Prezydent Słowacji zaakceptował skład nowego rządu. Premier Fico ustąpił po zabójstwie dziennikarza
Prezydent Słowacji Andrej Kiska zapowiedział w środę, że w czwartek mianuje nowy rząd premiera Petera Pellegriniego z partii Kierunek- Socjaldemokracja (Smer-SD) i w ten sposób zrealizuje swą obietnicę przeprowadzenia państwa przez obecny kryzys polityczny.
Kryzys, który doprowadził do ustąpienia przewodniczącego Smer-SD Roberta Fico ze stanowiska premiera, został wywołany dokonanym pod koniec lutego zabójstwem dziennikarza śledczego Jana Kuciaka i jego partnerki Martiny Kusznirovej. Kiska odrzucił we wtorek pierwszy przedstawiony mu przez Pellegriniego skład rządu, zaznaczając, że znalazły się w nim osoby o kontrowersyjnych powiązaniach osobistych.
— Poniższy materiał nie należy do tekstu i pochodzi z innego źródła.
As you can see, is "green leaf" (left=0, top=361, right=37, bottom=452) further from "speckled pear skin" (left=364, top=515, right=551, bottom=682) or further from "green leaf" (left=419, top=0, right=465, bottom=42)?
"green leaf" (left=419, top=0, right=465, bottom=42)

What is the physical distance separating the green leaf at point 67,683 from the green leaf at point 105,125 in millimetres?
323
Polecił przy tym Pellegriniemu, by do piątku ustalił nowy skład gabinetu.
"Wykorzystałem swoje uprawnienia prezydenta Słowacji"
- Obiecałem społeczeństwu, że jako głowa państwa jestem gotów przeprowadzić kraj przez kryzys polityczny i złożoną sytuację po śmierci dwojga młodych ludzi. Świadomy tej odpowiedzialności wykorzystałem swoje uprawnienia prezydenta Republiki Słowackiej aż po granicę konstytucyjnych zwyczajów i możliwości, które daje mi konstytucja - oświadczył Kiska.
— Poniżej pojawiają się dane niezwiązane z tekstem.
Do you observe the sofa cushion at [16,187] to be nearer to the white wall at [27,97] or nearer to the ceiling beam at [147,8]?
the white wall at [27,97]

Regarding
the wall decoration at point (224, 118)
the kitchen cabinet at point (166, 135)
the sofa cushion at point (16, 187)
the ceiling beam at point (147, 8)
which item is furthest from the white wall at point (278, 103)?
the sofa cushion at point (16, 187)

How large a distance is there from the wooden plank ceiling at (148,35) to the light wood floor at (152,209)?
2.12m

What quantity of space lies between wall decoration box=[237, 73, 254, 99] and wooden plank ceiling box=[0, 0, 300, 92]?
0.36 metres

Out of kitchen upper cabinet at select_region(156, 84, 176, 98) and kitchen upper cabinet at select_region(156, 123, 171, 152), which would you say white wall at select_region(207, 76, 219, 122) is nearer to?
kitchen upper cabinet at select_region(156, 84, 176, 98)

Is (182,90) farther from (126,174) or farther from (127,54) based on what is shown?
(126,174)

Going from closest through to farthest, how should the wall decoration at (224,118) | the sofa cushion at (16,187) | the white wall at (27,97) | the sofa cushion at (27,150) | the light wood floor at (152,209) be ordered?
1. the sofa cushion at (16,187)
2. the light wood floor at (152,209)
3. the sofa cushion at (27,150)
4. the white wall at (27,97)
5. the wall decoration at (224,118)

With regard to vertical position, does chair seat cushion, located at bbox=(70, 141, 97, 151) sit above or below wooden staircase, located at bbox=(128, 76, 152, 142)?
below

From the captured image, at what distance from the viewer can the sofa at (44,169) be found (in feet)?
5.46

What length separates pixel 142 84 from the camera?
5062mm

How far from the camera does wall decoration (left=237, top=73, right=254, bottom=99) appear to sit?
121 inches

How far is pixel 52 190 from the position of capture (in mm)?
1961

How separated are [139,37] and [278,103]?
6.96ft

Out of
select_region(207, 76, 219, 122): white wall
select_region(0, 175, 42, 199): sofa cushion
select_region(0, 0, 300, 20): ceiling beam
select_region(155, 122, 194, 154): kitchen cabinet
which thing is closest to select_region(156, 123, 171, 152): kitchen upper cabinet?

-Dziś pan Pelegrini przedstawił mi nowy projekt, potem rozmawiałem ze wszystkimi trzema kandydatami i dwiema kandydatkami na nowych ministrów. Na podstawie tych rozmów podjąłem decyzję, że jutro mianuję pana Pellegriniego na premiera i następnie zaakceptuję jego propozycję wymiany członków gabinetu - zadeklarował prezydent.
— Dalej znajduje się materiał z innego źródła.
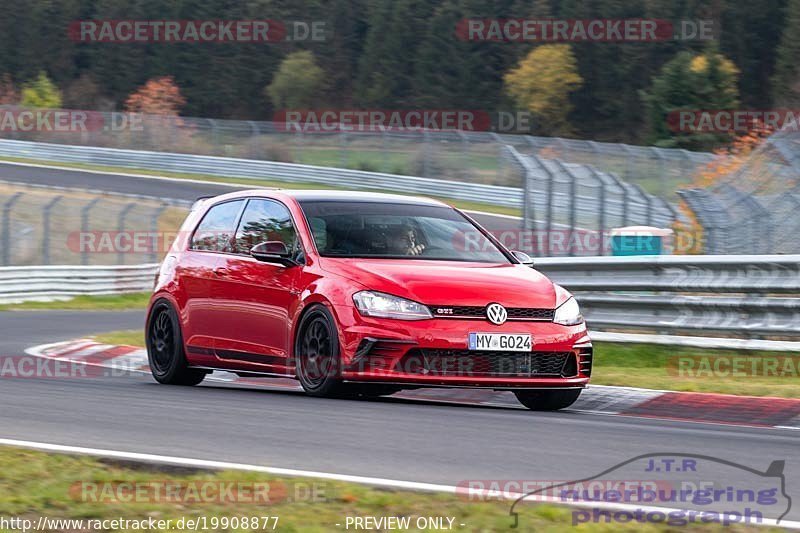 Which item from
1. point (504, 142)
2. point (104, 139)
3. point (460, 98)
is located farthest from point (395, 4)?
point (504, 142)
"Nowy rząd musi zdobyć społeczne zaufanie"
- Nie jestem na sto procent zadowolony ze składu nowego rządu. Jednak jako głowa państwa nie przekroczę granicy ustalonej konstytucją i konstytucyjnymi zwyczajami. Słowacja jest demokracją parlamentarną, a poparcie dla rządu pod kierunkiem pana Pellegriniego wyraziła większość deputowanych. Żaden inny polityk nie informował mnie o istnieniu innej większości parlamentarnej czy o rozmowach o innej większości parlamentarnej - wskazał Kiska, sygnalizując w ten sposób, że nie liczy na skuteczne działania opozycji w kierunku stworzenia alternatywy dla obecnej koalicji.
Jak podkreślił, znacznie istotniejsze niż uzyskanie parlamentarnej większości będą dla nowego rządu starania o społeczne zaufanie, a "w obecnej napiętej atmosferze będzie to bardzo trudne zadanie".
Nowy premier, wicepremier i czterej ministrowie
Nowym ministrem spraw wewnętrznych ma zostać dotychczasowy minister zdrowia Tomasz Drucker. Po spotkaniu z prezydentem ujawnił on, że rozmawiano między innymi o szefie słowackiej policji Tiborze Gaszparze, na którego odejście istnieje znaczna presja społeczna. Drucker powiedział dziennikarzom, że rozwiąże ten problem w krótkim czasie. Poprzedniego kandydata na szefa MSW prezydent odrzucił.
Po dymisji Fico rządząca od wyborów w 2016 roku koalicja trzech partii zaproponowała w poniedziałek skład nowego rządu, który zgodnie z życzeniem prezydenta potem skorygowano. Zmiany będą dotyczyć obsady stanowisk premiera, jednego z wicepremierów i czterech ministrów.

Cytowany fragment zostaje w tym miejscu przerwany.